Les parties ont été régulièrement averties du jour de l’audience.
Ont été entendus au cours de l’audience publique du 24 février 2020, à laquelle le préfet des Alpes-Maritimes n’était ni présent ni représenté :
- le rapport de M. Blanc, juge des référés ;
- les observations de Me Oloumi, pour le requérant, qui a repris les moyens invoqués dans la requête.
La clôture de l’instruction a été prononcée à l’issue de l’audience.
Considérant ce qui suit :
Sur la demande d’aide juridictionnelle à titre provisoire
1. Aux termes de l’article 20 de la loi du 10 juillet 1991 relative à l’aide juridique : « Dans les cas d’urgence (…), l’admission provisoire à l’aide juridictionnelle peut être prononcée soit par le président du bureau ou de la section compétente du bureau d’aide juridictionnelle, soit par la juridiction compétente ou son président ».
2. En raison des circonstances de l’espèce, il y a lieu d’admettre, à titre provisoire, M. A au bénéfice de l’aide juridictionnelle.
Sur les conclusions présentées au titre de l’article L. 521-2 du code de justice administrative :
3. Aux termes de l’article L. 521-2 du code de justice administrative : « Saisi d’une demande en ce sens justifiée par l’urgence, le juge des référés peut ordonner toutes mesures nécessaires à la sauvegarde d’une liberté fondamentale à laquelle une personne morale de droit public ou un organisme de droit privé chargé de la gestion d’un service public aurait porté, dans l’exercice d’un de ses pouvoirs, une atteinte grave et manifestement illégale.
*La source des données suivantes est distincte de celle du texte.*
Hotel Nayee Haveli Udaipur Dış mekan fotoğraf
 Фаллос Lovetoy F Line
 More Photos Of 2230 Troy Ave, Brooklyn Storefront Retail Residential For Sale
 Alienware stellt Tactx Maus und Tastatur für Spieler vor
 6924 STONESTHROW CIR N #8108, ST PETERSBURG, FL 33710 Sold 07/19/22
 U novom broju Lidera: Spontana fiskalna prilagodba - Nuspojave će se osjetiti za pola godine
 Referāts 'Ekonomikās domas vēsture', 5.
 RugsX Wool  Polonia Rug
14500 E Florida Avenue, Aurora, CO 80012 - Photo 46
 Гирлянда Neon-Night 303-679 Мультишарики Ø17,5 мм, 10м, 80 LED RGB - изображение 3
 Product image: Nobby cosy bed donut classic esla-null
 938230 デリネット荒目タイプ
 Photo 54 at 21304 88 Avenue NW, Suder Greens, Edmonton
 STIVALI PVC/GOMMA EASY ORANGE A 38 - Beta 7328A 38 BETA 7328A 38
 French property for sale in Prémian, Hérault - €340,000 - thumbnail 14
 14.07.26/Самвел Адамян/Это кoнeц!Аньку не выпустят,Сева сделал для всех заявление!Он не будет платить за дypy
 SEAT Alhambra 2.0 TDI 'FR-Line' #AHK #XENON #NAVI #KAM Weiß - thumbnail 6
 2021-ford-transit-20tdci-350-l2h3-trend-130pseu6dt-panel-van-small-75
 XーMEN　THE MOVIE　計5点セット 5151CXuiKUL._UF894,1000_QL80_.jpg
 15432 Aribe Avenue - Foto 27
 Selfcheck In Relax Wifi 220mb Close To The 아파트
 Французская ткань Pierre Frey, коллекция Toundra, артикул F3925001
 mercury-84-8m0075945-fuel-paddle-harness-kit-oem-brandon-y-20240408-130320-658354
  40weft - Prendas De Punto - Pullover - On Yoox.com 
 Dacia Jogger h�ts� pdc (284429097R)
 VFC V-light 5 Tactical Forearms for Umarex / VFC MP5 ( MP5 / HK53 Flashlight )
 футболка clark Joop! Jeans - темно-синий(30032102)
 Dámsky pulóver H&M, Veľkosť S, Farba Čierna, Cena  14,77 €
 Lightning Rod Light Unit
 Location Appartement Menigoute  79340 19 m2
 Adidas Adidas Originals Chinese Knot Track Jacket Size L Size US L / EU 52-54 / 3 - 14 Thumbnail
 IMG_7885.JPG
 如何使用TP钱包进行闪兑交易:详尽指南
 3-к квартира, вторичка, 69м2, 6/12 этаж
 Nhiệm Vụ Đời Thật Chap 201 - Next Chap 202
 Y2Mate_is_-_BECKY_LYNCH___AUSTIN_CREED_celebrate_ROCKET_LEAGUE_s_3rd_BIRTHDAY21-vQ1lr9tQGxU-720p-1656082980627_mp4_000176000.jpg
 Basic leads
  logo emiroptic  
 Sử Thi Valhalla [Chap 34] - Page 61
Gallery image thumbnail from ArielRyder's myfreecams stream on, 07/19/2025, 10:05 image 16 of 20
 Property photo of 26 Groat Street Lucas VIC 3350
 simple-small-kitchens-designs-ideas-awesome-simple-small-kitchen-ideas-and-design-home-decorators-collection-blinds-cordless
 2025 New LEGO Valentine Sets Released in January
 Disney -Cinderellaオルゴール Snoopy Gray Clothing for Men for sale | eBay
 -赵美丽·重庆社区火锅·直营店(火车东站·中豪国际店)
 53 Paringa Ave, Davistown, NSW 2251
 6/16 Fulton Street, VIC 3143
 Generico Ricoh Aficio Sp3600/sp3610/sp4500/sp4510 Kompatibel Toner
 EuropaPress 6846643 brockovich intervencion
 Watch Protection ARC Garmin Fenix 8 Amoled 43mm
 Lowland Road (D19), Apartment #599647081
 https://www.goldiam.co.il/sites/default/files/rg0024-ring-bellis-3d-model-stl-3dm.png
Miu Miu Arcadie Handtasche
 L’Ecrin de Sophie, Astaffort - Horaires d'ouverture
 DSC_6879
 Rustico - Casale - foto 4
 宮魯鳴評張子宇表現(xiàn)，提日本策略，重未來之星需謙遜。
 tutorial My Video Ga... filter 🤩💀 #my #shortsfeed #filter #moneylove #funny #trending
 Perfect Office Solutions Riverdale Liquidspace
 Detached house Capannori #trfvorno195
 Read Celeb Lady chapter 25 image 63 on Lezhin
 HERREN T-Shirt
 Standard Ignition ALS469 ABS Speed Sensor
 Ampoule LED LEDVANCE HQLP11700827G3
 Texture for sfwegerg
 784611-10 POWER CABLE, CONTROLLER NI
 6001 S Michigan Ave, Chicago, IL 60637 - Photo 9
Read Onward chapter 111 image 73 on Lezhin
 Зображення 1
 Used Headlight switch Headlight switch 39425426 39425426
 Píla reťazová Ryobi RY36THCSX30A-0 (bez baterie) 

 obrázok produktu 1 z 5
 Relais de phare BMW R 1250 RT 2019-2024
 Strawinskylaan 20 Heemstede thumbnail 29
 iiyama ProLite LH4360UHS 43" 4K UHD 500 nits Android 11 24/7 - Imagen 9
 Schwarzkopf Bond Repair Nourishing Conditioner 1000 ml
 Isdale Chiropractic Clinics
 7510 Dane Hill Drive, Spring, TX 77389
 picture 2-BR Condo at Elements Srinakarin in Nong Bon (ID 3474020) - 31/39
Le juge des référés se prononce dans un délai de quarante-huit heures. ».
4. Une demande présentée au titre de la procédure particulière de l’article L. 521-2 du code de justice administrative implique, pour qu’il y soit fait droit, qu’il soit justifié, non seulement d’une situation d’urgence particulière rendant nécessaire l’intervention d’une mesure de sauvegarde dans les quarante-huit heures, mais encore d’une atteinte grave portée à la liberté fondamentale invoquée ainsi que de l’illégalité manifeste de cette atteinte.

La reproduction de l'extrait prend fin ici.